Le persone non hanno solo il diritto di conoscere i video delle telecamere nascoste. Le persone hanno il diritto di conoscere e di essere informate su cosa può accadere quando si entra in una situazione di fragilità e sofferenza, quando una persona è indebolita nelle sue relazioni sociali, nella sua autonomia, quando vive un’esperienza di sofferenza. Condivido il pensiero della presidente della Conferenza Basaglia, la conferenza permanente per la salute mentale nel mondo Giovanna De Giudice, quando afferma che: “I cittadini e le cittadine devono sapere che le persone quanto più avrebbero bisogno di accoglienza, vicinanza e di ascolto, rischiano un trattamento inumano e degradante quale quello della contenzione. C’è bisogno di informare perché tutte le persone sappiano che questa non è una condizione eccezionale ma può succedere a ciascuno di noi.

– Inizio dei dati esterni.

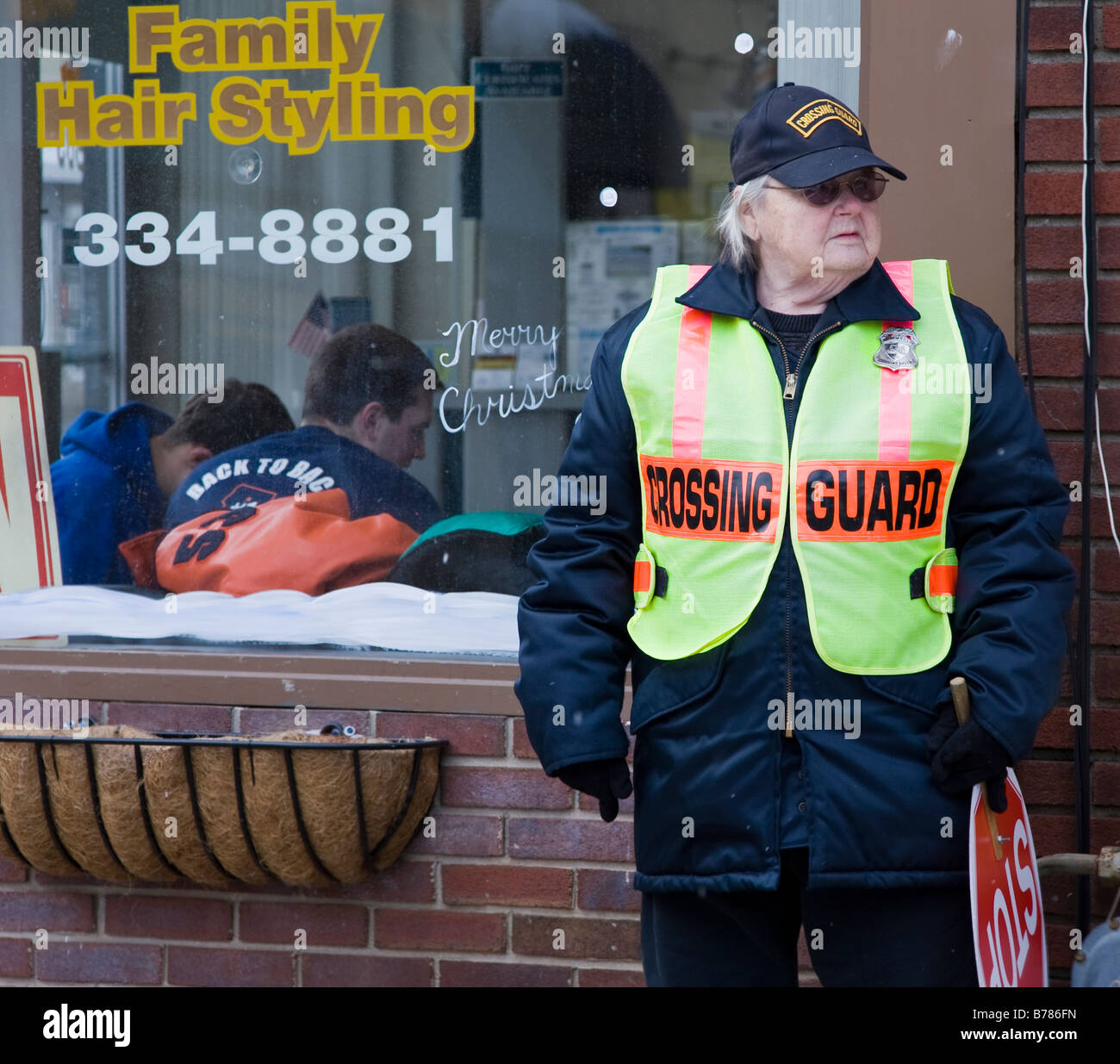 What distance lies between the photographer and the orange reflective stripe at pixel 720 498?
2451 millimetres

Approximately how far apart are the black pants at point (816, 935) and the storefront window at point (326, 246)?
1.36 metres

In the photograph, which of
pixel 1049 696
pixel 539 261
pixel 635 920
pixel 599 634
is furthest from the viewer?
pixel 539 261

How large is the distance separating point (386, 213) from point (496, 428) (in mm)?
638

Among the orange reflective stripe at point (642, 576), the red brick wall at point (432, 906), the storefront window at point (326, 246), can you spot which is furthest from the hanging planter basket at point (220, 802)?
the orange reflective stripe at point (642, 576)

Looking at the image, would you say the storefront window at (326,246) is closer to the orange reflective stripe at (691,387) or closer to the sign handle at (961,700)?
the orange reflective stripe at (691,387)

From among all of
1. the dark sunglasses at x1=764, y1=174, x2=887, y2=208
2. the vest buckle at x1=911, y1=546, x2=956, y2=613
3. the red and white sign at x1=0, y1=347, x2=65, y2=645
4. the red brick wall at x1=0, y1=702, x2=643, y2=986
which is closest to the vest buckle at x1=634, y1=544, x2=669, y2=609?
the vest buckle at x1=911, y1=546, x2=956, y2=613

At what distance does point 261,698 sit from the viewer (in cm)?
369

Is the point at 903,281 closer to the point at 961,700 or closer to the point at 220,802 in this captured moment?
the point at 961,700

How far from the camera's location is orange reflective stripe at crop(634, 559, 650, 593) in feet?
8.32

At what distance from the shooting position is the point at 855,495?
7.99ft

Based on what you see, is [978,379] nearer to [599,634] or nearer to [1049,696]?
[1049,696]

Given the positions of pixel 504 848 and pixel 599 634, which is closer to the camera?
pixel 599 634

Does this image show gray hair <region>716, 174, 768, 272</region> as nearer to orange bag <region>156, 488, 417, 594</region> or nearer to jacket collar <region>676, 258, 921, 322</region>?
jacket collar <region>676, 258, 921, 322</region>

Perché invecchiamo, perché siamo in una situazione di crisi e di sofferenza, perché possiamo arrivare in una istituzione per disabili”.
In Italia ci sono 750 mila persone che vivono nelle case di riposo e nelle RSA, le residenze sanitarie assistenziali. Le ricerche più aggiornate ci dicono che il 40 % di queste persone, i nostri nonni, sono vittime della pratica della contenzione e passano i loro giorni a guardare una finestra che forse non si aprirà mai. 85 mila persone, giovani con sofferenza mentale, sotto i 65 anni, vivono dentro una struttura protetta in cui, nella quasi totalità, si fa contenzione. 25 mila disabili gravi vivono dentro le strutture protette e una parte di queste pratica la contenzione. I bambini, i minori, soprattutto quelli con gravi disabilità, se finiscono nelle finte case famiglia o nelle piccole strutture protette sono molto spesso legati.

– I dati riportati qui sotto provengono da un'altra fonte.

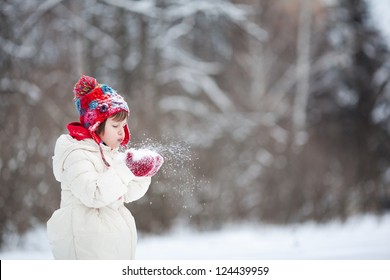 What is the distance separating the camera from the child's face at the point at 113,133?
2182mm

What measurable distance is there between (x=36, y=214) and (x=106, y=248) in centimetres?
384

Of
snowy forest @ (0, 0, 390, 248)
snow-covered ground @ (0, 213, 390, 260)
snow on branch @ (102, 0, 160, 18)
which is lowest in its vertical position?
snow-covered ground @ (0, 213, 390, 260)

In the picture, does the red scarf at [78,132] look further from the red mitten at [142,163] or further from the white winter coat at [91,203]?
the red mitten at [142,163]

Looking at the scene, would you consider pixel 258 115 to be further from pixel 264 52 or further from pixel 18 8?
pixel 18 8

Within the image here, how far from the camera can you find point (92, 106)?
2160 millimetres

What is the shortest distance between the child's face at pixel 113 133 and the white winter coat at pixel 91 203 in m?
0.03

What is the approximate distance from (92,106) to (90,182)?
296 mm

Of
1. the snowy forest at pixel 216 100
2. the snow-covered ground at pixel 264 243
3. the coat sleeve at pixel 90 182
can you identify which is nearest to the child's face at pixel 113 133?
the coat sleeve at pixel 90 182

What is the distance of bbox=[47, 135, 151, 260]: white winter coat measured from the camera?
2018 mm

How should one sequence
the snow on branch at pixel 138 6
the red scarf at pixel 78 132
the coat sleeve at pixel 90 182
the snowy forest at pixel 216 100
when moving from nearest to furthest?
1. the coat sleeve at pixel 90 182
2. the red scarf at pixel 78 132
3. the snowy forest at pixel 216 100
4. the snow on branch at pixel 138 6

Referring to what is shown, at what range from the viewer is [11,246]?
Answer: 5.48 metres

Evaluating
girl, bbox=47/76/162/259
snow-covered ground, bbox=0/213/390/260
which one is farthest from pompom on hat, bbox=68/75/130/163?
snow-covered ground, bbox=0/213/390/260

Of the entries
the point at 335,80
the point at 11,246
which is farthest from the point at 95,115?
the point at 335,80

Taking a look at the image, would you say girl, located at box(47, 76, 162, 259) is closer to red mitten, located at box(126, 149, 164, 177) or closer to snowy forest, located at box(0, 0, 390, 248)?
red mitten, located at box(126, 149, 164, 177)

La nostra società può fare a meno di questi trattamenti inumani e di questi luoghi di segregazione. Sono tanti i luoghi in cui le persone fragili e con sofferenza vengono incontrate, accolte e accompagnate nel loro percorso di cura senza l’utilizzo di pratiche coercitive e violente. E sono tanti gli uomini e le donne che lavorano nella salute, in grado di opporsi e disubbidire, mantenendo competenza ed etica.”